Certo, c’è voluto anche un pizzico di fortuna. Di malizia. Di fato. Chiamatela come vi pare. La stessa che all’esordio al Meazza privò l’Atalanta di 3 punti contro lo Shakhtar Donetsk. Già perché rigore toglie, rigore dà: e questa volta intorno a un penalty sbagliato è girata in positivo tutta la serata della Dea. Da Ilicic a Gabriel Jesus, un errore dal dischetto ha svegliato sul serio l’Atalanta, che dopo un primo tempo non ai suoi ritmi – e non con la sua spavalderia – è riuscita dagli spogliatoi per giocarsi le ultime carte esattamente come aveva fatto nella prima mezz’ora a Manchester: testa alta, petto in fuori e vediamo chi è più forte.
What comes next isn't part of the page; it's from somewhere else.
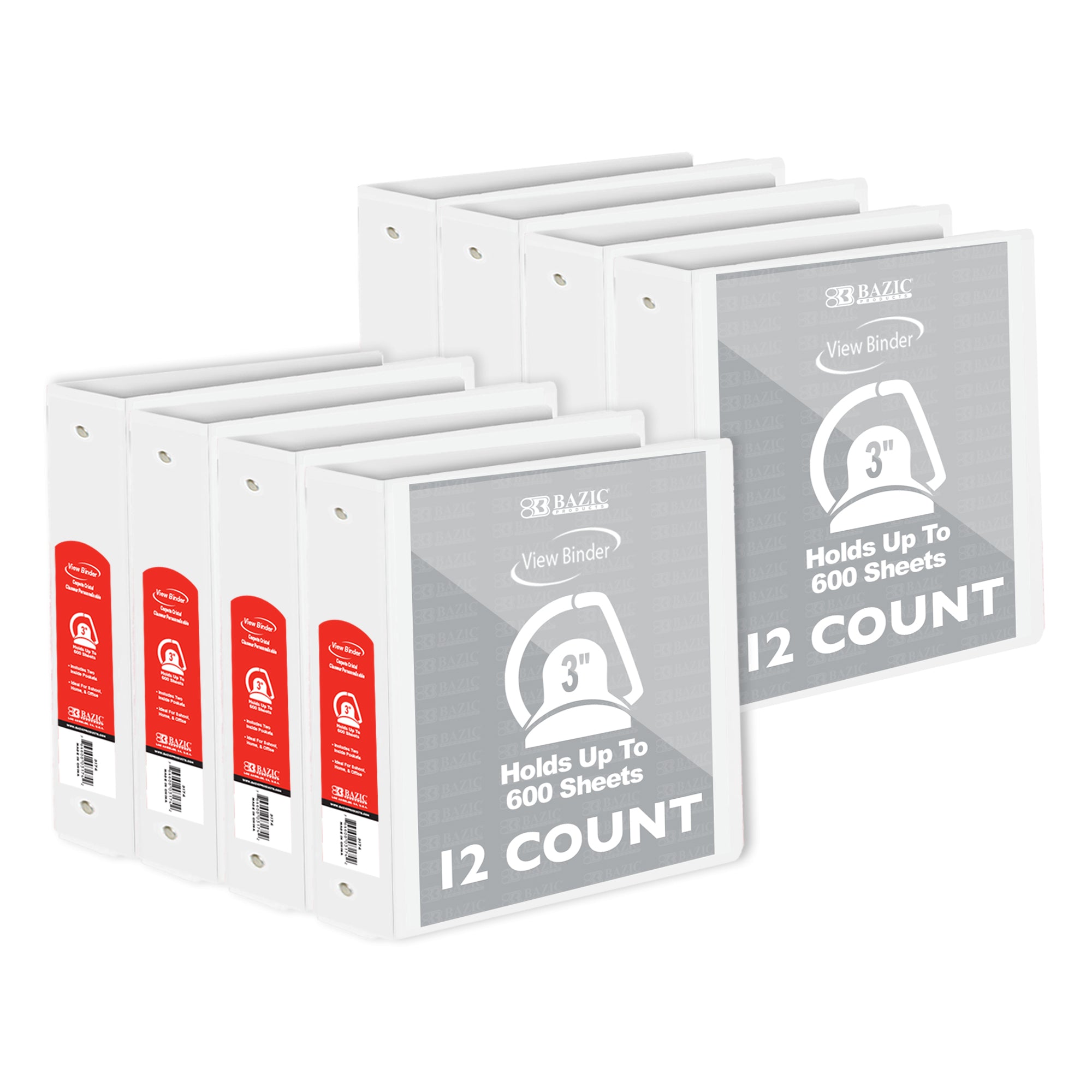 Binder View 3&quot; White Slant-D Ring w/ 2-Pockets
Ne è venuta fuori una grande ripresa, un punto prezioso e una mezzo colpaccio sfiorato, se non fosse stato per l’uscita disperata di Claudio Bravo – di nome e di fatto – a prendersi il rosso ed evitare al City il primo ko stagionale in Champions League.
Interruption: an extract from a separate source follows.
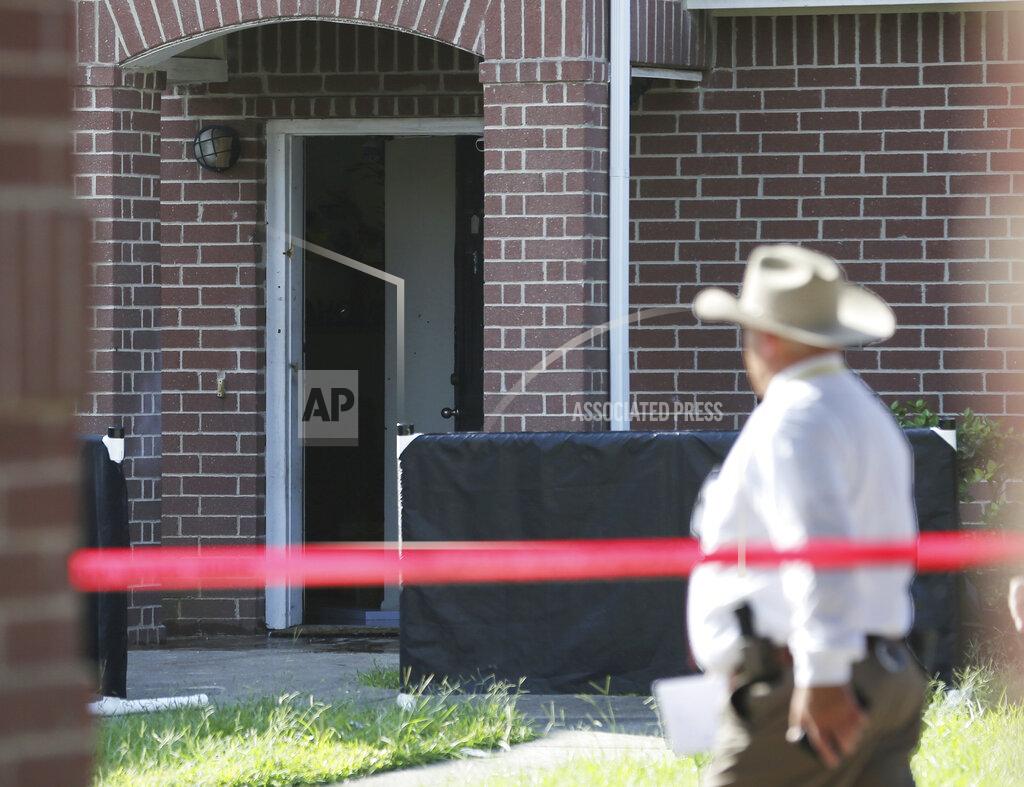 Elizabeth Conley Houston-Officers Shot Police investigate a shooting Timber Ridge Apartments on Monday, Sept. 20, 2021 in Houston. Authorities say a Houston police officer was killed and another was wounded during a shooting that also killed a 31-year-old man who the officers were attempting to arrest. (Elizabeth Conley/Houston Chronicle via AP)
Adesso non resta che crederci sul serio. Sì perché aver sbloccato la classifica sebben con un solo punticino è un segnale vitale; mentre un segnale divino è arrivato da Zagabria, dove il folle finale tra Dinamo e Shakhtar ha tenuto la Dea aggrappata a quell’incredibile concetto che solo due settimane fa chiamavamo ‘miraggio’ e che in fondo oggi non lo è poi così tanto: con due vittorie negli scontri diretti l’Atalanta va agli ottavi; a patto che il City – seppur qualificato – strappi almeno un punticino nelle prossime due partite. Al netto del complottismo, impresa tutto fuorché impossibile.
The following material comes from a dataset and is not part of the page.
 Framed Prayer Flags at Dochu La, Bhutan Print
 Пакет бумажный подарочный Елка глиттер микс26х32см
Insomma, dove aver sbloccato il tabù e con un filo di ritardo sulla tabella di marcia, il doppio incrocio con il Manchester City ha detto che la Champions League dell’Atalanta è iniziata sul serio. Adesso bisogna davvero solo provarci: due rivincite, contro Dinamo Zagabria a San Siro e contro Shakhtar Donetsk sul neutro di Charkiv, per far vedere più che altro che a settembre era stata ansia da prestazione prima e assenza di malizia poi; e che l’Atalanta vera è questa qui, quella del primo tempo di Manchester e del secondo di San Siro. Anche perché il sogno ottavi è ancora lì, tangibile più che mai: crederci è il diktat, provarci l’obbligo inderogabile.